The report lauded President Obama’s executive actions of October last year designed to ease the repayment burden of federal student loans. Laudable as they may be, they only soothe the symptoms for ex-students by shifting more of the costs to the taxpayer. But they don’t deal with the cause: the system itself. It has become dysfunctional.

Universities as businesses, in an environment that is devoid of price competition. For example, when the University of California system demands higher tuition, the whole system falls in line to support those increases, rather than resist them.

Captive customers. Students have to get their education within the higher education system. When tuition goes up, they can’t massively drop out because it would jeopardize their dream (by contrast, if air fares jump, customers react by flying less). They can choose cheaper colleges, but all colleges are jacking up tuition and fees. And the nationwide existence of “out-of-state tuition,” while plausible on a state basis, stifles cross-border competition.
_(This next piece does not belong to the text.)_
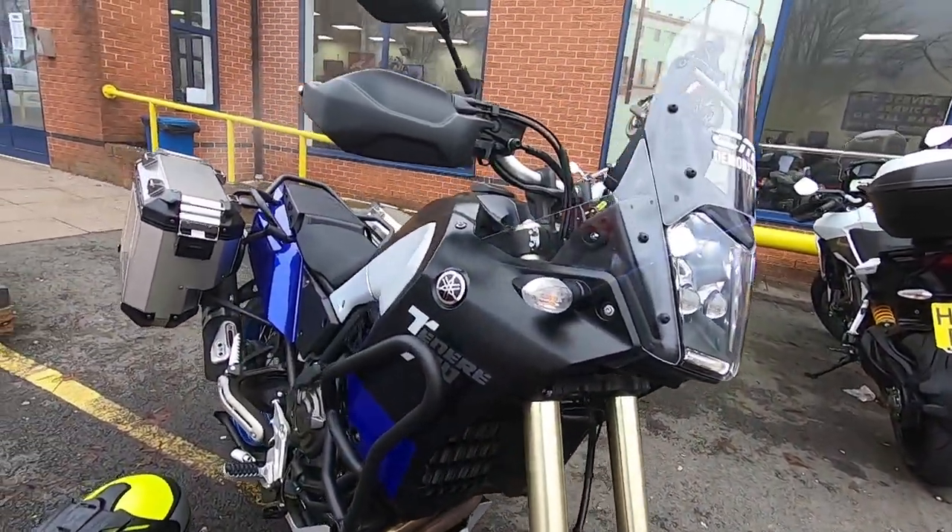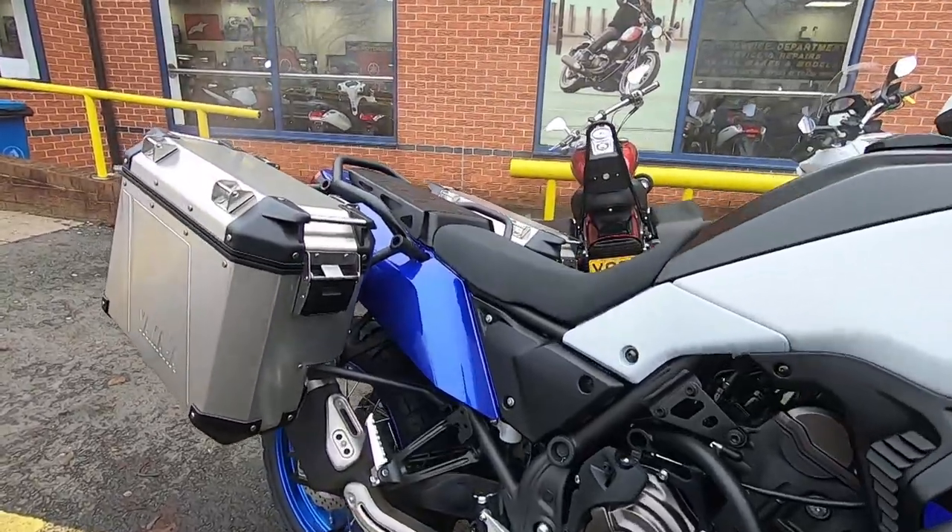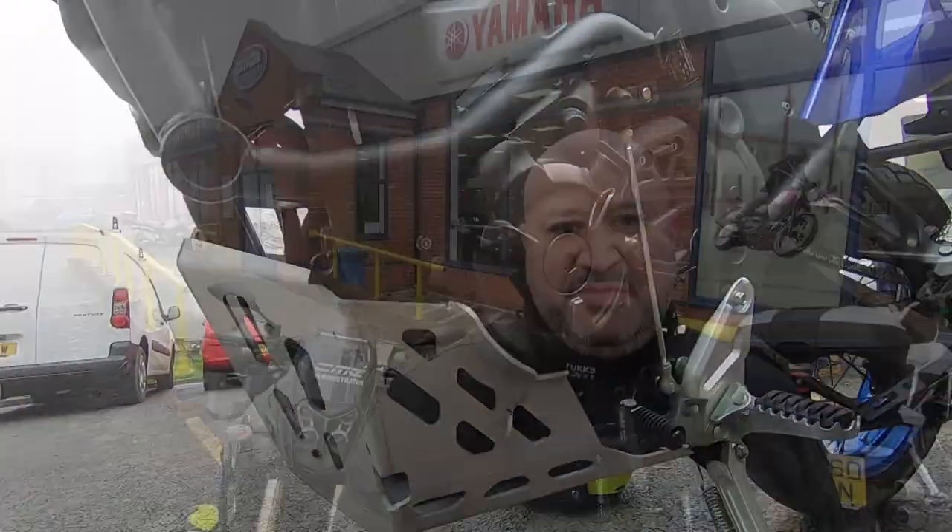I've made it here to CMC Motorcycles in Claycross. I'm going to have a go on the Tenere 700 demonstrator which is just here behind me. This is the Explorer version, which comes with the metal panniers, the bash guard, and the centre stand. It's bitterly cold — absolutely freezing — between 1 and 3 degrees for the ride over. Let's see how much of a test ride we can actually have, and hopefully I'll avoid any ice.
So students fight tuition increases the only way they can: by obtaining more funding.

Finance. The student-loan industry profits from processing student loans. Naturally, they encourage students to take on more debt. The amount is a function of the cost of the school, not of the ability to pay back the loan. While risk serves as a natural brake in making loans, in the student-loan industry, risk is transferred to the taxpayer who guarantees the loans.

The ultimate enabler. The government, in constant need of voter support, will fund and guarantee whatever it takes to allow students to get their education regardless of how reckless tuition and fee increases are. Thus, Obama’s executive actions make repayment less onerous, but they don’t do anything to contain tuition increases.

There are no price pressures on universities—except student protests (so, keep at it). Outrageous clockwork-like tuition increases are met not with resistance but with an unquestioning, endless, and ever increasing flow of government-guaranteed student loans. The beneficial forces of market discipline have been wrung out of the system, and governments have not stepped in to exercise alternate controls.

University administrator salaries, bonuses, benefits, golden parachutes, and pensions have shocked the public when they’re exposed in the media. Programs that have little to do with education swallow up more and more money. And sure, everybody loves to have well-equipped labs in fancy buildings. But the system needs to be restructured, either by opening it up to competition or by exposing it to effective checks and balances. Solutions won’t be easy, but there isn’t much room left before it will bankrupt an entire generation.